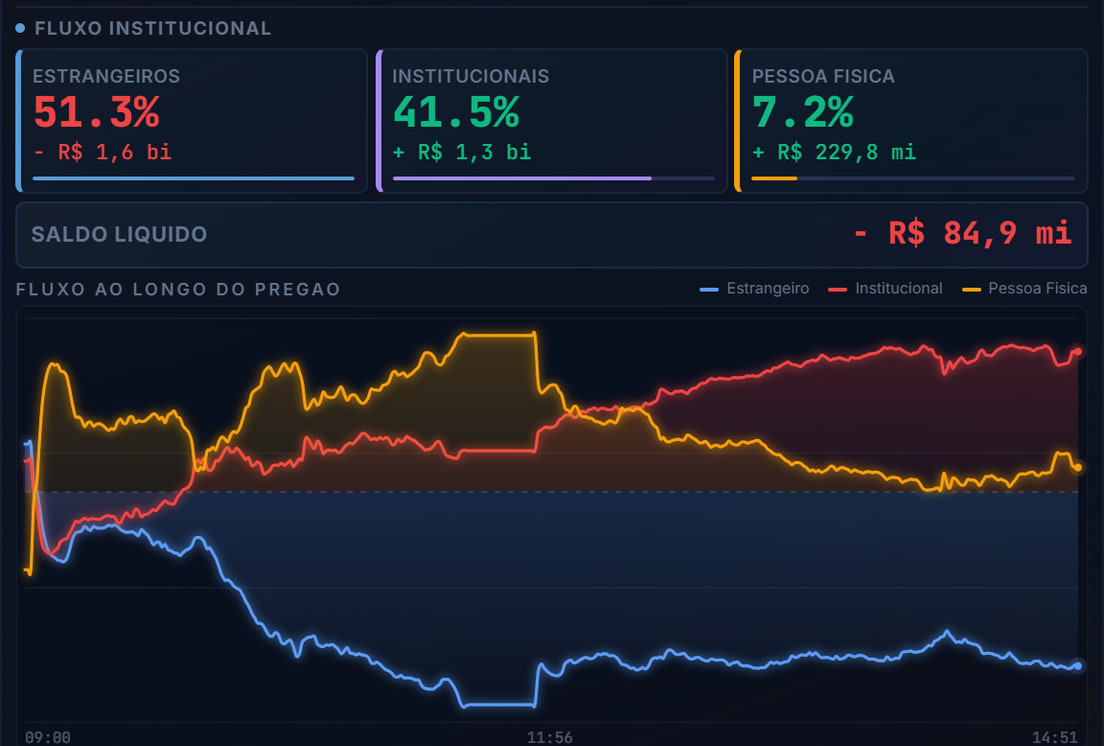 Gráfico do fluxo de estrangeiro, institucional e pessoa física ao longo do pregão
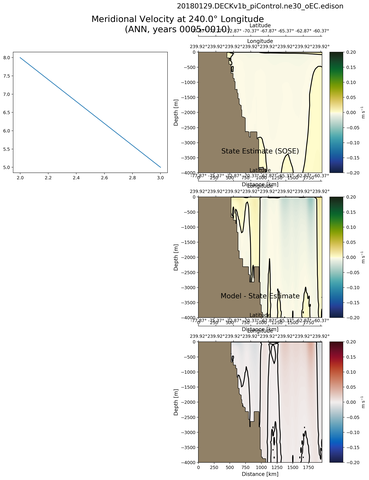 ANN Meridional Velocity at 240.0$\degree$ Longitude ANN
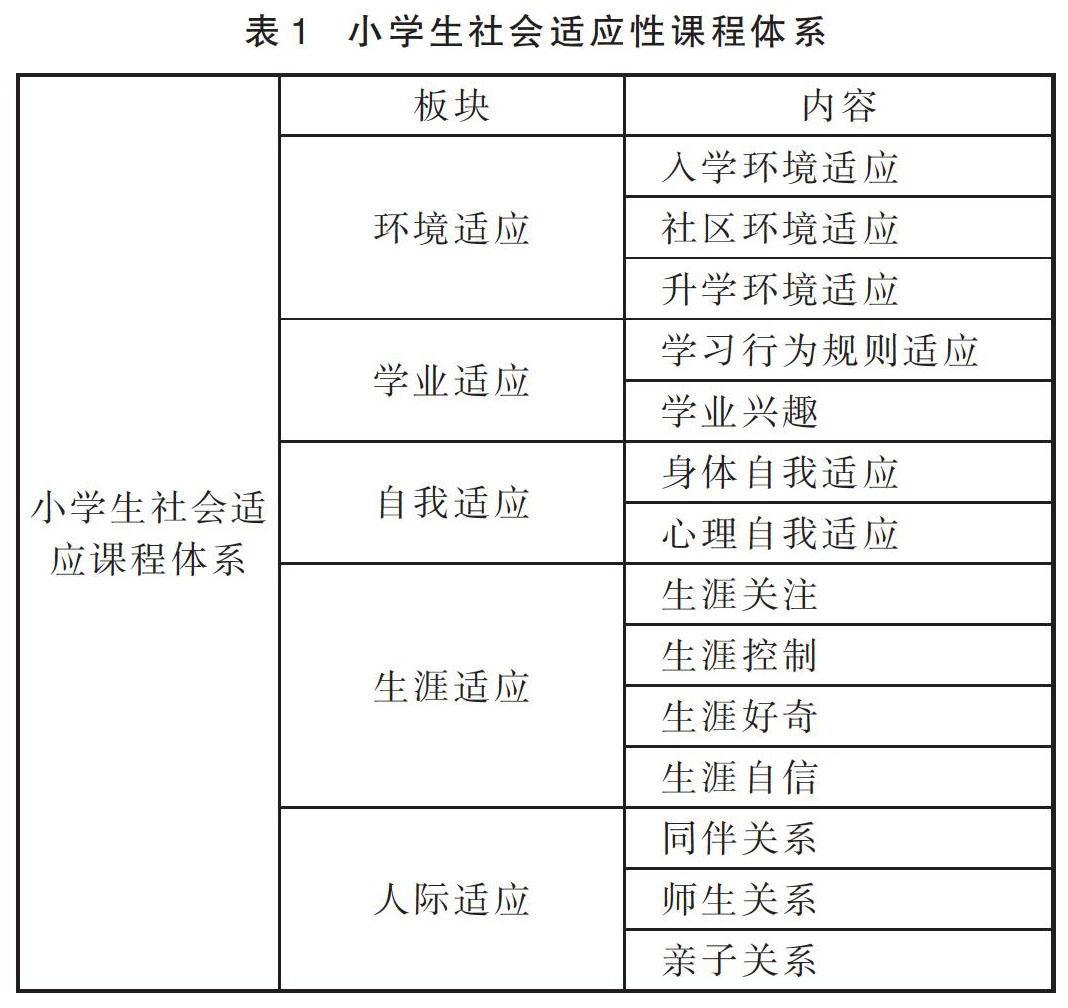 小学生社会适应性课程建构与实践 中小学心理健康教育年21期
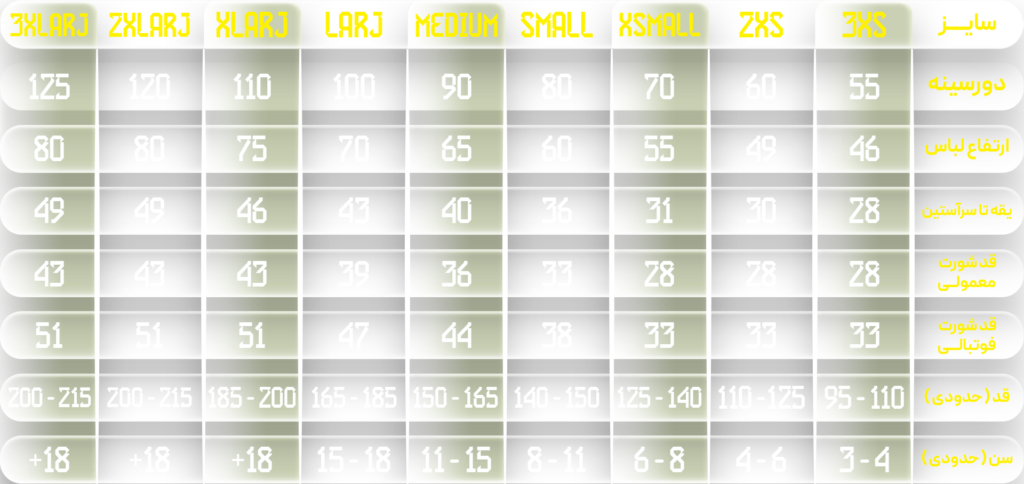 جدول سایزبندی پیراهن و شورت ورزشی آستین کوتاه | تولید لباس ورزشی اختصاصی واو اسپرت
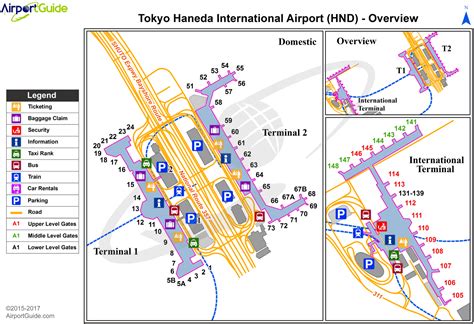 Tokyo Haneda Airport Charts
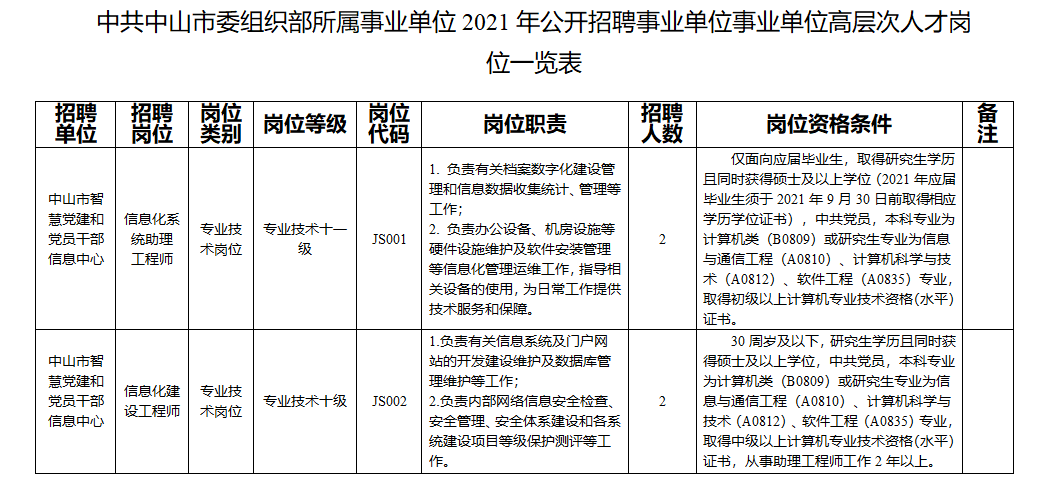 高爆炸藥爆炸威力_高爆沖擊彈_2022年深圳引進基礎(chǔ)教育高層次人才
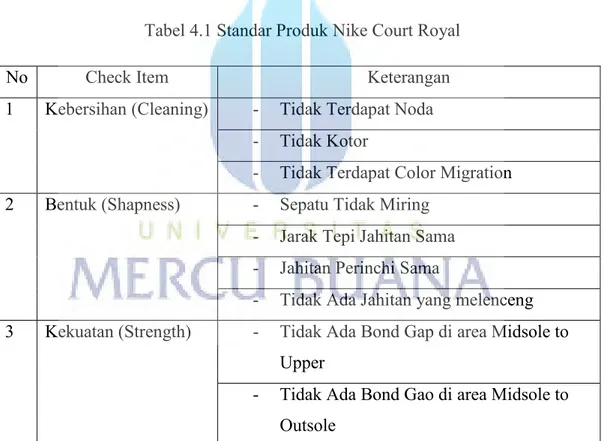Tabel 4.1 Standar Produk Nike Court Royal 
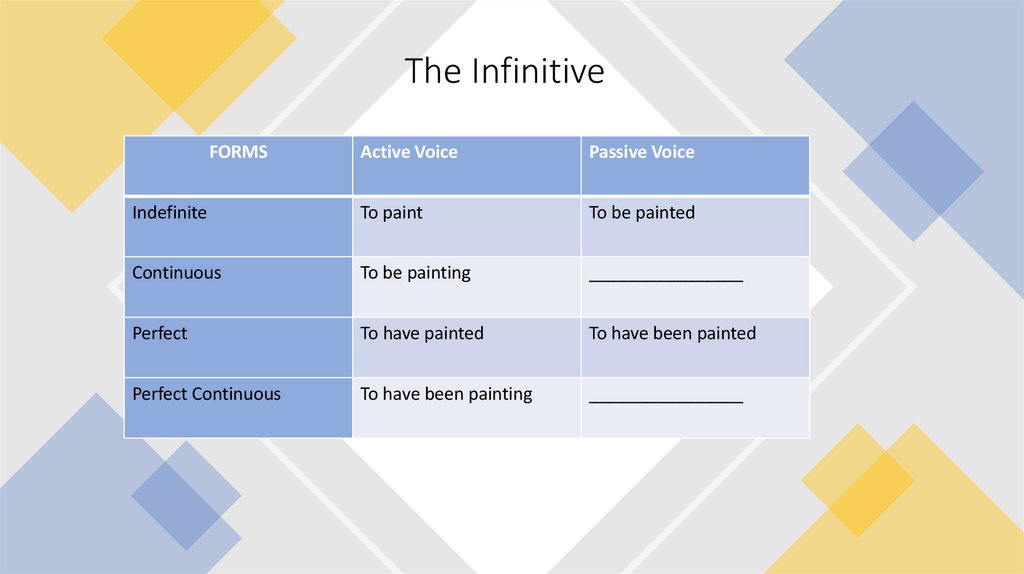 The Infinitive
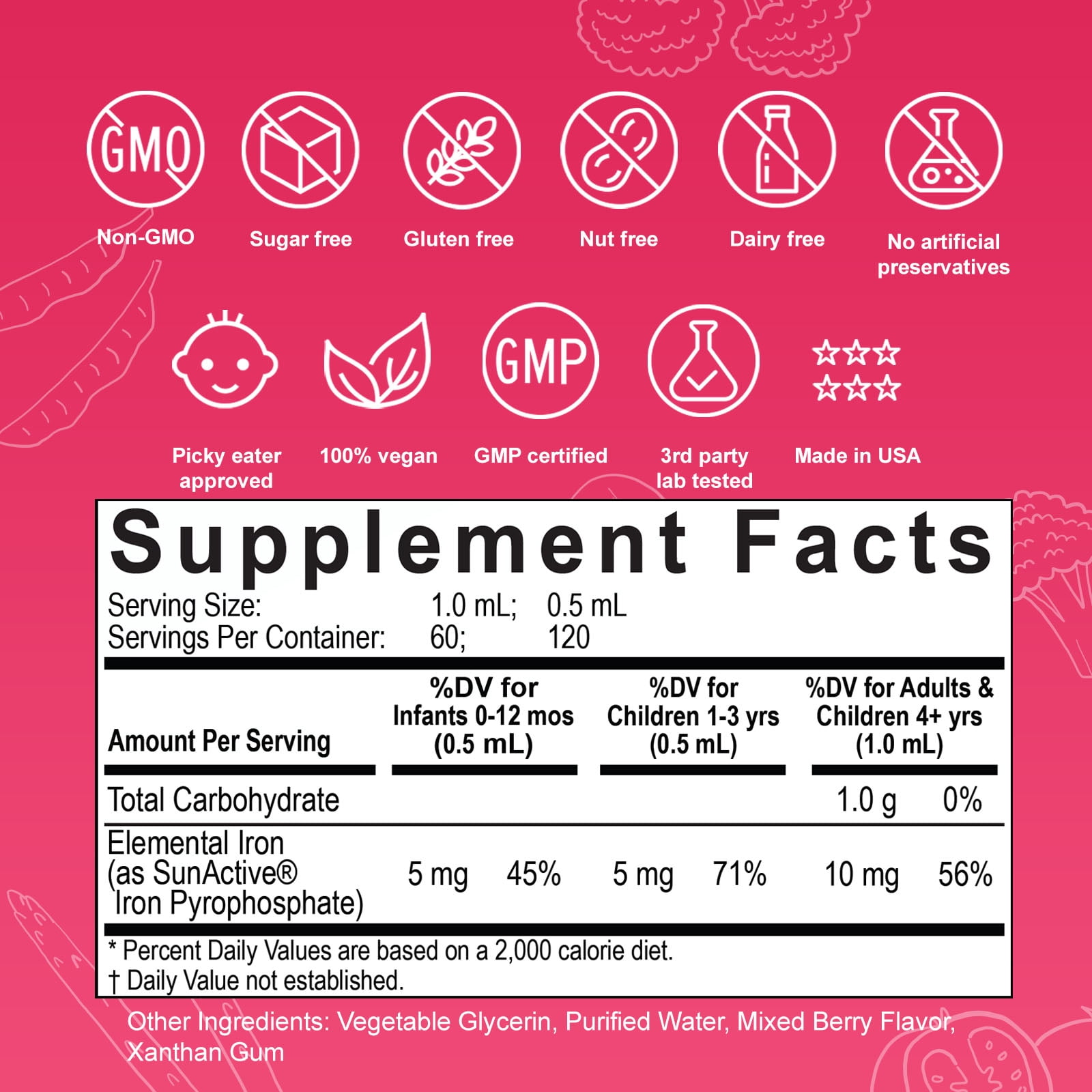 Nuvamin – Liquid Liposomal Iron Drops for Baby, Toddlers, Kids, & Adults, 2Fl.Oz (60ml), 120 Daily Serving. Great Taste - All Natural - Vegan - No Metallic Aftertaste, Berry Flavor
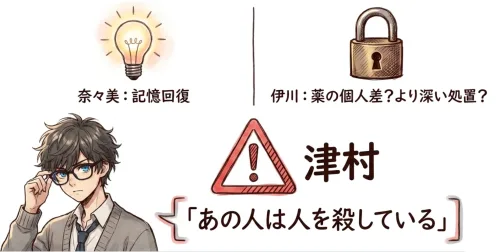 津村さんも信じちゃだめです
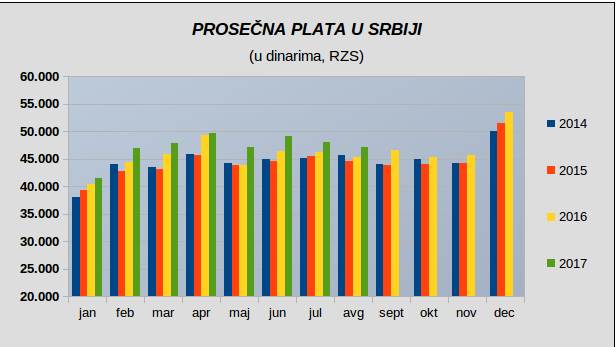  Prosečna plata u Srbiji u avgustu 47.220 dinara 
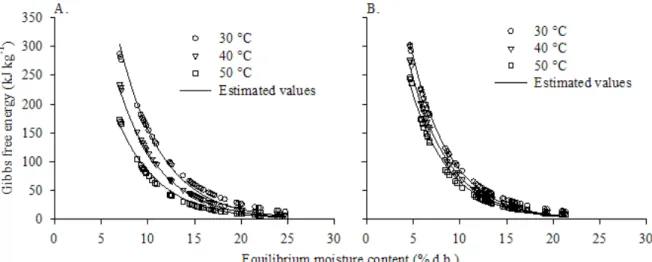 Figure 3. Experimental and estimated values of Gibbs free energy of desorption (A) and adsorption (B) as a function of  temperature and equilibrium moisture content of ‘Malagueta’ pepper seeds (Capsicum frutescens L.)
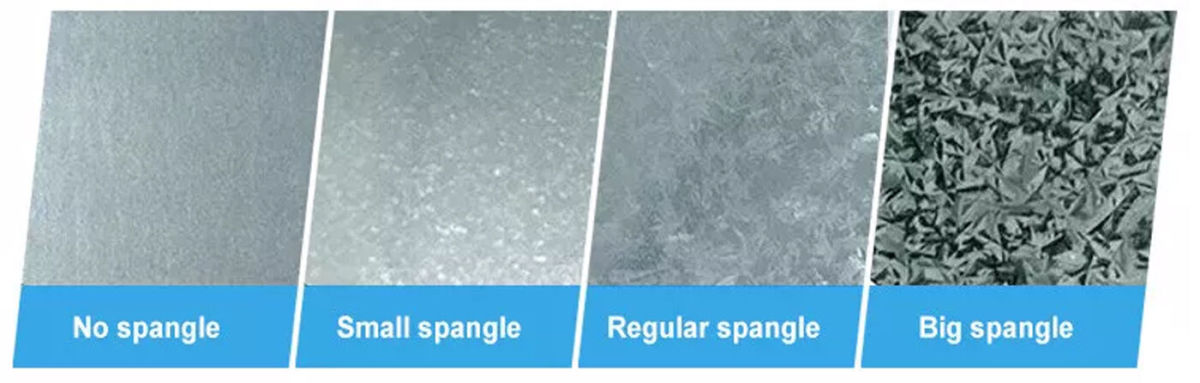 Galvanized Steel  Plate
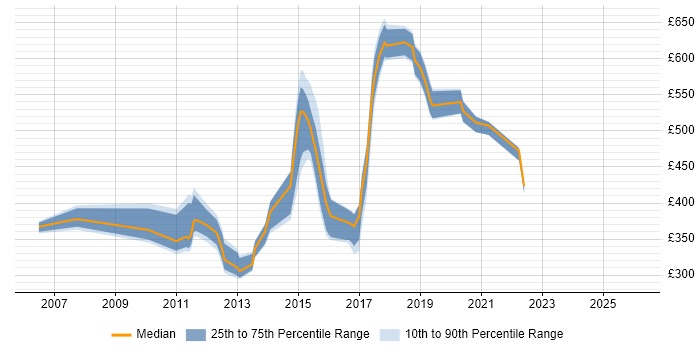 Contractor daily rate distribution trend for jobs in Lancashire citing SAS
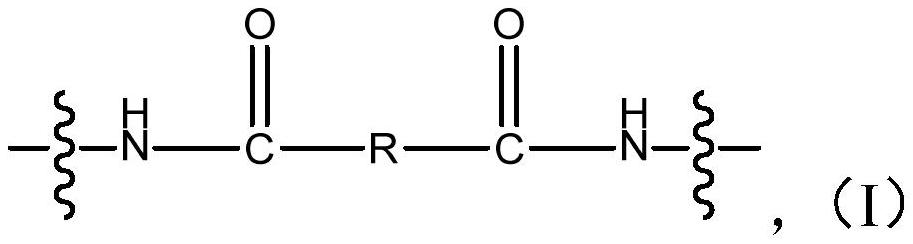 Polyurethane or polyurethane-urea aqueous dispersion, preparation method and application thereof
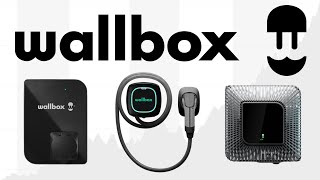 Wallbox EV Charging — Products amp Company Overview — WBX Stock [upl. by Marco663]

- **EXERCISE GOAL**
Repeat the listing exactly, minus its pictures.

- **TASK RESULT**
 Gráfico do fluxo de estrangeiro, institucional e pessoa física ao longo do pregão
 ANN Meridional Velocity at 240.0$\degree$ Longitude ANN
 小学生社会适应性课程建构与实践 中小学心理健康教育年21期
 جدول سایزبندی پیراهن و شورت ورزشی آستین کوتاه | تولید لباس ورزشی اختصاصی واو اسپرت
 Tokyo Haneda Airport Charts
 高爆炸藥爆炸威力_高爆沖擊彈_2022年深圳引進基礎(chǔ)教育高層次人才
Tabel 4.1 Standar Produk Nike Court Royal 
 The Infinitive
 Nuvamin – Liquid Liposomal Iron Drops for Baby, Toddlers, Kids, & Adults, 2Fl.Oz (60ml), 120 Daily Serving. Great Taste - All Natural - Vegan - No Metallic Aftertaste, Berry Flavor
 津村さんも信じちゃだめです
  Prosečna plata u Srbiji u avgustu 47.220 dinara 
 Figure 3. Experimental and estimated values of Gibbs free energy of desorption (A) and adsorption (B) as a function of  temperature and equilibrium moisture content of ‘Malagueta’ pepper seeds (Capsicum frutescens L.)
 Galvanized Steel  Plate
 Contractor daily rate distribution trend for jobs in Lancashire citing SAS
 Polyurethane or polyurethane-urea aqueous dispersion, preparation method and application thereof
 Wallbox EV Charging — Products amp Company Overview — WBX Stock [upl. by Marco663]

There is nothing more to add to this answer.